Below are several entries. Transcribe exactly those lines that fall from the one with "Modway Discern Pleated" through the one with "Bcx Women's Grommet-Waist", end lines included.

***

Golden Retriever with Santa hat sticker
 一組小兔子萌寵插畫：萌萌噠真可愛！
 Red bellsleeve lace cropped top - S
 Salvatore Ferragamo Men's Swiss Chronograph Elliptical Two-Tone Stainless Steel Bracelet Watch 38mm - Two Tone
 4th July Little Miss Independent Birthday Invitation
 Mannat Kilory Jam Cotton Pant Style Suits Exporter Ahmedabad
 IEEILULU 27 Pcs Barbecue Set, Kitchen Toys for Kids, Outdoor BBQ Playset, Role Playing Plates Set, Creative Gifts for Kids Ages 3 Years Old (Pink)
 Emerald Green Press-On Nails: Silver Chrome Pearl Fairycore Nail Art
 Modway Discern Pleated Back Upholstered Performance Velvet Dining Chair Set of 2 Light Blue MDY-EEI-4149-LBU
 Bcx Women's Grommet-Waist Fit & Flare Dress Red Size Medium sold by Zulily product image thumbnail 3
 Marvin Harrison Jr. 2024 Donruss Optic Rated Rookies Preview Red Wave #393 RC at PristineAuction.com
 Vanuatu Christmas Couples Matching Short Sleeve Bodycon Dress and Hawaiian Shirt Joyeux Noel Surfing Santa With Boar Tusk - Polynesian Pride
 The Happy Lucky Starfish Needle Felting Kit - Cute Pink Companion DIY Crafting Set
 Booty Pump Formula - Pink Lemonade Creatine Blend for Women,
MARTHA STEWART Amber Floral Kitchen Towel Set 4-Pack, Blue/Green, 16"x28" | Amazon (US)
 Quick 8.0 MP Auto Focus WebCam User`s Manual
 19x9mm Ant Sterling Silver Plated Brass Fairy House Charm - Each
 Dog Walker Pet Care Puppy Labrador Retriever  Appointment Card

***

# Worked solution
 Modway Discern Pleated Back Upholstered Performance Velvet Dining Chair Set of 2 Light Blue MDY-EEI-4149-LBU
 Bcx Women's Grommet-Waist Fit & Flare Dress Red Size Medium sold by Zulily product image thumbnail 3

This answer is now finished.